A team of Bentley University student researchers from the Bentley Service-Learning Center and the University Honors Program is working with the Governor's Council to Address Sexual Assault and Domestic Violence to  combat human trafficking in Massachusetts. Human trafficking is a form of modern-day slavery where people profit from the control and exploitation of others. The students' findings were presented to the Council on May 4, 2011, at the State House in Boston. A final report will be published in June.

"As of May 2011, Massachusetts stands as one of only four U.S. states that currently lacks legislation specifying human trafficking as a crime, and we are ranked by the Polaris Project in the bottom tier of states in its commitment to combating trafficking," says Jeff Gulati, Bentley associate professor of political science and the study's faculty adviser.  

Although there are many forms of trafficking-- for labor and organs, for instance - the Bentley report focused primarily on the trafficking of women and children for the purpose of sexual exploitation.

"We estimate that between 1,500 and 1,800 people were victims of human trafficking in Massachusetts in 2010," Gulati notes. "This amounts to the equivalent figure for forcible rape cases reported and ten times the rate of murder and manslaughter in the Commonwealth. Victims of trafficking crimes are at high-risk of becoming recruiters for traffickers of new victims and have children who are at high-risk of becoming involved in the sex industry."

According to Gulati, while there has been anti-trafficking policy activity in the U.S. and initiatives aimed at increasing international cooperation to combat trafficking and raise awareness, there is little research to evaluate recent policy initiatives and programs meant to combat human trafficking and address the effect on its victims.

"This is particularly problematic as the Trafficking Victims Protection Act (TVPA) is coming up for reauthorization in Congress this year, and legislators are looking to recent research to help identify effective efforts," he notes.

Bentley students enrolled in the Honors Group Capstone course helped fill this void by devoting their thesis to assist the Governor's Council, policymakers, law enforcement, and service providers in becoming more informed about the issue and the effectiveness of current policies and programs related to law enforcement and prosecution; victim protection programs; and prevention. Created by Governor Patrick in 2007, the Council is particularly interested in supporting a new "safe harbor" law and other policies that address the issue of domestic trafficking of minors for the sex industry.

"The key to this project is raising awareness - legislators, businesses, healthcare providers, and the public-at-large are all impacted in some way by human trafficking" says Bentley senior Katelyn Horowitz, project manager. "It is difficult to get individuals, most of whom have no idea that this happens right here in Massachusetts, to take action without a solid understanding the problem."

The presentation contributes new information to evaluate current policies, and details specific policy recommendations and alternative ways of thinking about the problem. Researchers recommended focusing initial legislation on designating human trafficking as a crime and imposing lengthy sentences for convicted traffickers rather than social services or prevention programs, since the former requires less financial support.
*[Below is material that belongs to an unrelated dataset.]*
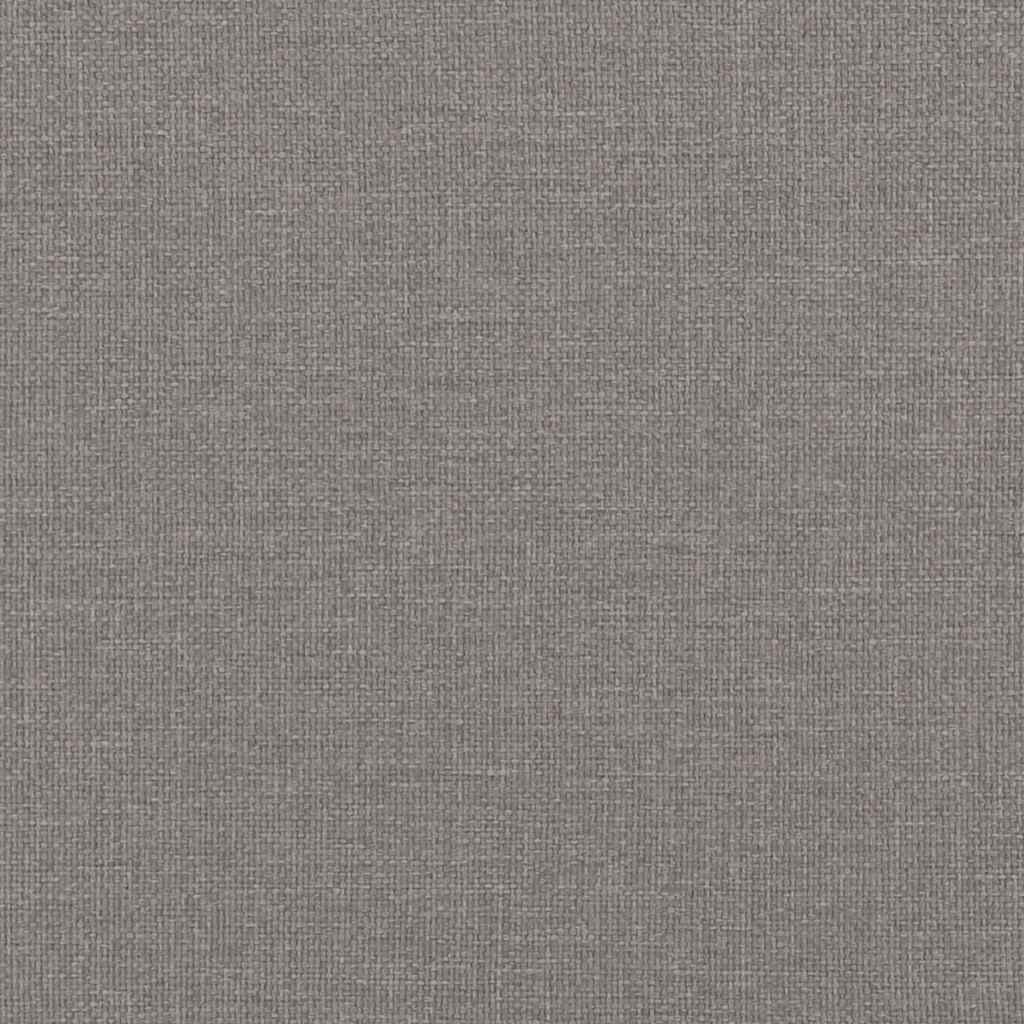 Boxspringbett mit Matratze Taupe 80x200 cm Stoff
Other highlights include: 

  • Prosecution: Increase the number of those convicted for soliciting prostitutes to attend a "john school," adding a location in Boston where most trafficking- and sex-related crimes occur.
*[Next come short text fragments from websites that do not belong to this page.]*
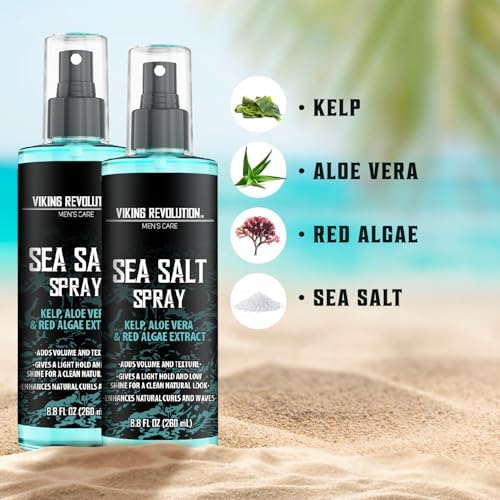 Viking Revolution Sea Salt Spray for Men - Hair Texturizing Spray 8.8oz,2pk - Image 2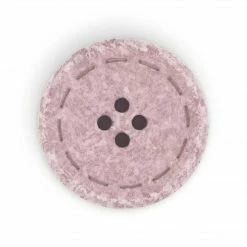 Dritz Recycled Cotton Round Stitch Button, 25mm, 2 Pc Buttons & Cover Buttons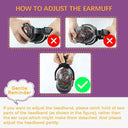 ZOHAN Cartoon Kid Safety Ear Muffs: Noise Reduction Solution for Toddlers  ourlum.com   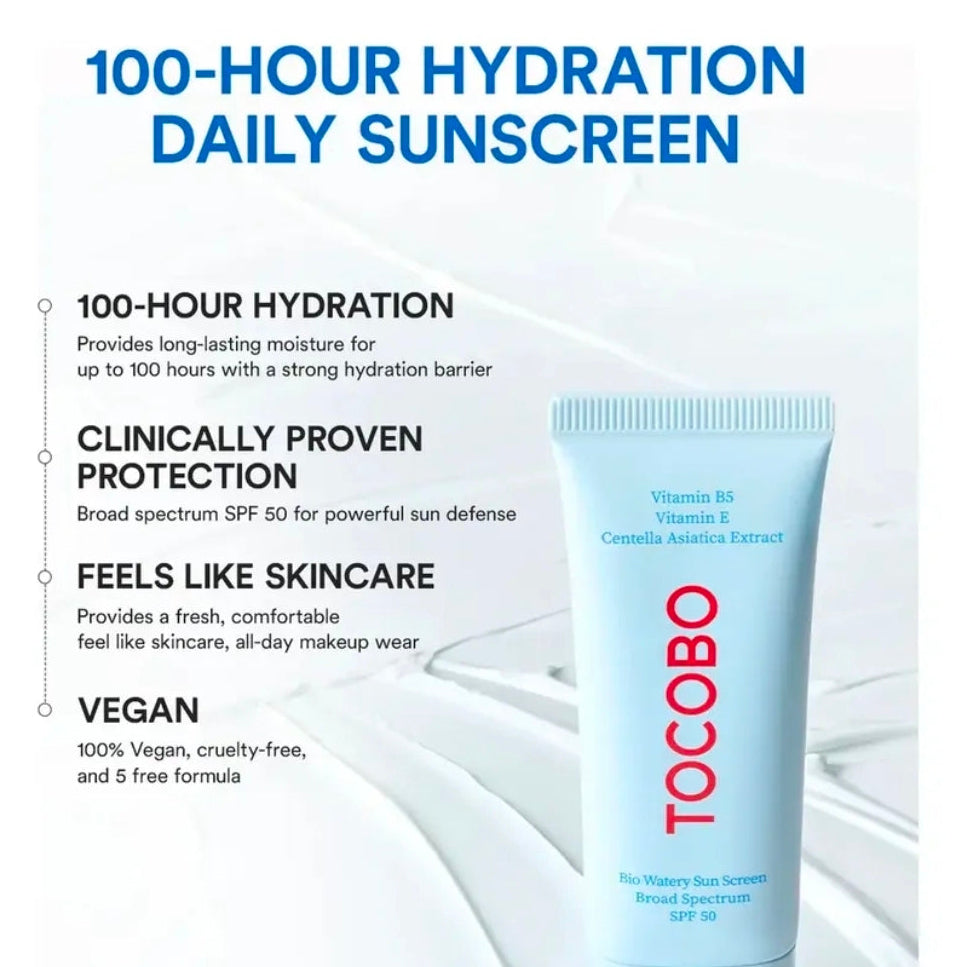 Tocobo Bio Watery Sun Screen 40 Ml - Spf 50 — Detalle | Glowup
  • Protection: Share information with court advocates to ensure that they are familiar with the law and victims' rights, in particular immigration law and rights for victims trafficked into the United States.


  • Prevention: Establish a designee to help businesses implement policies to prevent trafficking, including: monitoring their supply chain; suspending or terminating contracts with third-party vendors and suppliers that use trafficked labor; purchasing from fair trade organizations or companies with anti-trafficking policies; and providing training for employees in the travel industry to recognize signs of trafficking victims.

"This class truly opened my eyes to the terrifyingly widespread practice of this modern-day slavery," says Horowitz, who is majoring in Accounting. "I particularly appreciated the opportunity to study its relationship to the world of business ... a relationship that not many know exists."

Among the people on hand for the May 4 presentation were the Council's Executive Director, Sheridan Haines, and representatives from agencies and organizations such as the Massachusetts State Police Missing Child Unit, Boston Police Department and its Human Trafficking Task Force; Children's Advocacy Center of Suffolk County; City of Boston Women's Commission; Jane Doe Inc.; Massachusetts Executive Office of Public Safety and Security; and the Massachusetts Department of Public Health.